• **TASK PROMPT**
Beginning with the line where "Broadview Park, 4421" appears, restate each line word for word until the data ends. Pictures do not go in.

# # # # #

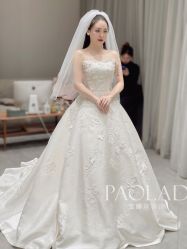 -南京宝娜嫁衣婚纱礼服馆(中央路店)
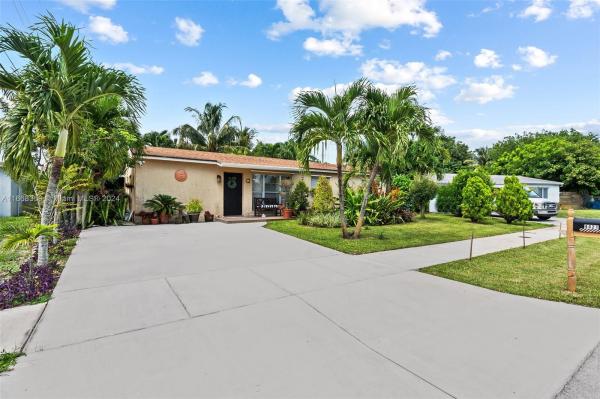 Broadview Park, 4421 SW 24th St, Fort Lauderdale, Florida 33317, image 1
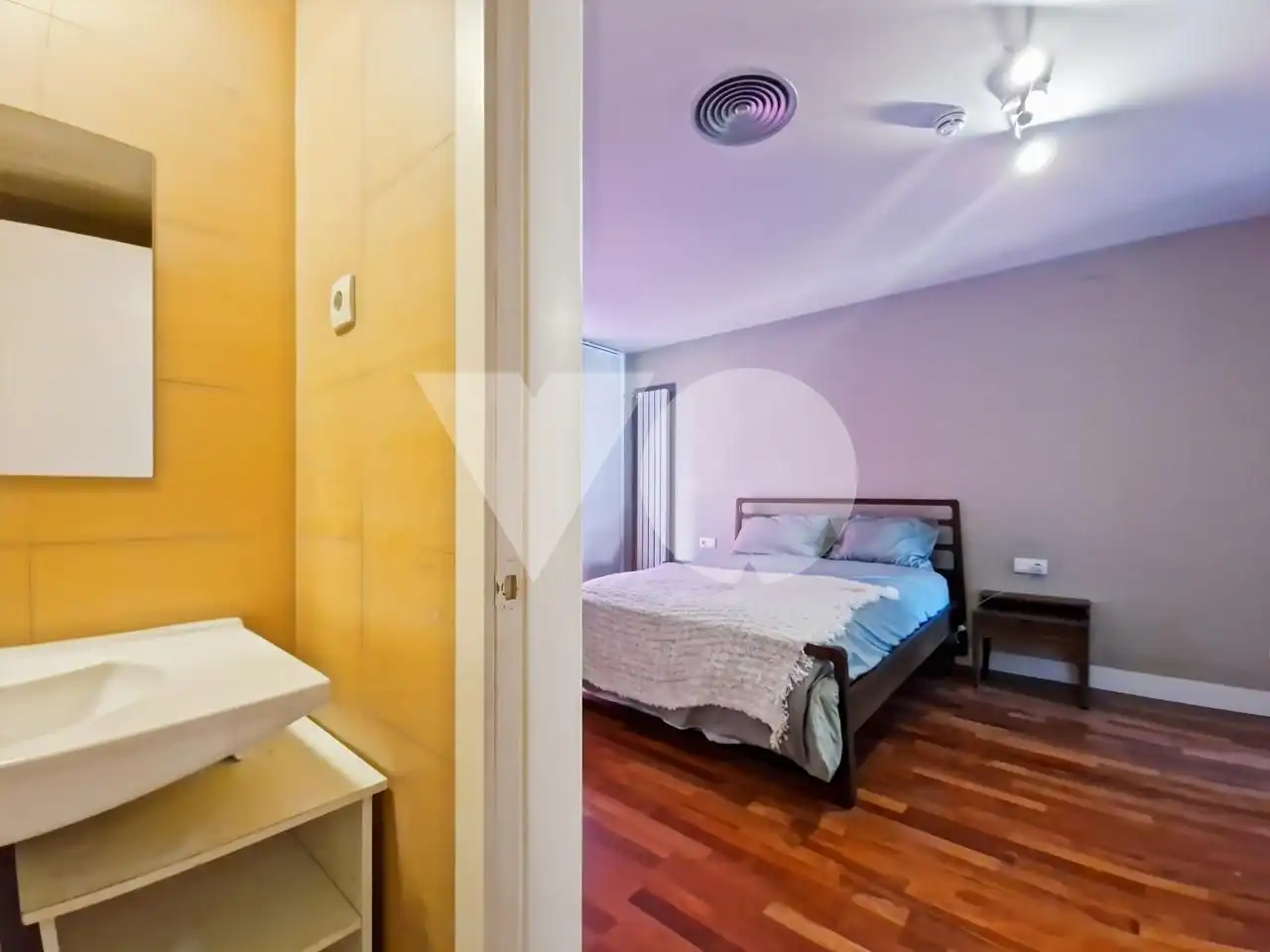 Habitación de Dúplex en venta en Madrid con Aire acondicionado y Calefacción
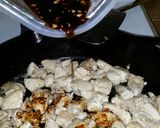A picture of step 3 of Sweet, sticky and spicy chicken.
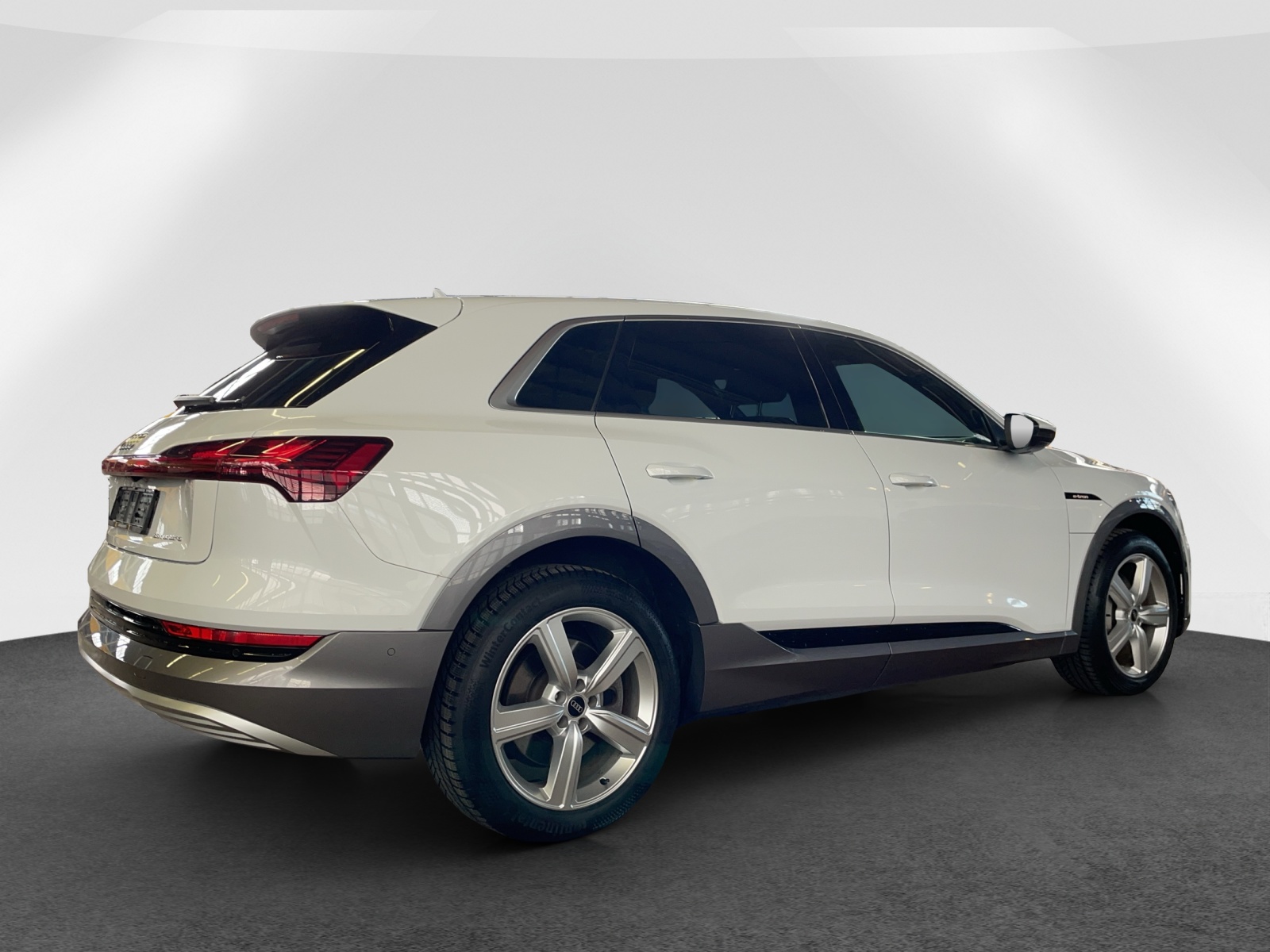 AUDI e-tron 55 Advanced quattro-image-6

# # # # #

• **RESULT OF THIS EXERCISE**
 Broadview Park, 4421 SW 24th St, Fort Lauderdale, Florida 33317, image 1
 Habitación de Dúplex en venta en Madrid con Aire acondicionado y Calefacción
A picture of step 3 of Sweet, sticky and spicy chicken.
 AUDI e-tron 55 Advanced quattro-image-6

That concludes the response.